### Problem
This exercise calls for copying every line below that holds the word "Photo".

[Crawled caption data]
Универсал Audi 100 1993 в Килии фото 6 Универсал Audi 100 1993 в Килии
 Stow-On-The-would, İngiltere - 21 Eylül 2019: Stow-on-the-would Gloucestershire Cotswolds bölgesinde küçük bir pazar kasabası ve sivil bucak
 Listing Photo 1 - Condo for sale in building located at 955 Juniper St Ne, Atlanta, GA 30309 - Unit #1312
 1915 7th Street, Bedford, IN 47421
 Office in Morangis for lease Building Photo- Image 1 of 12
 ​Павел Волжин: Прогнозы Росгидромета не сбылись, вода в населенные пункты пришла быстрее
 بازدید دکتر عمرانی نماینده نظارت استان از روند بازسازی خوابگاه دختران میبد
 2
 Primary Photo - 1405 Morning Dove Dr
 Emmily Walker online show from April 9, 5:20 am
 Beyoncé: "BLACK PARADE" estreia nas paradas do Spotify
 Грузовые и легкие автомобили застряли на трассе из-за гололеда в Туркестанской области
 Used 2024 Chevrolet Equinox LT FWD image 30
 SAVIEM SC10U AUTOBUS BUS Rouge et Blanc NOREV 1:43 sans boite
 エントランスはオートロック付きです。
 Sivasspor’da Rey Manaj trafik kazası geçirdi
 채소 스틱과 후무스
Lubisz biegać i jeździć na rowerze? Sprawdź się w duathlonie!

### Exercise solution
 Listing Photo 1 - Condo for sale in building located at 955 Juniper St Ne, Atlanta, GA 30309 - Unit #1312
 Office in Morangis for lease Building Photo- Image 1 of 12
 Primary Photo - 1405 Morning Dove Dr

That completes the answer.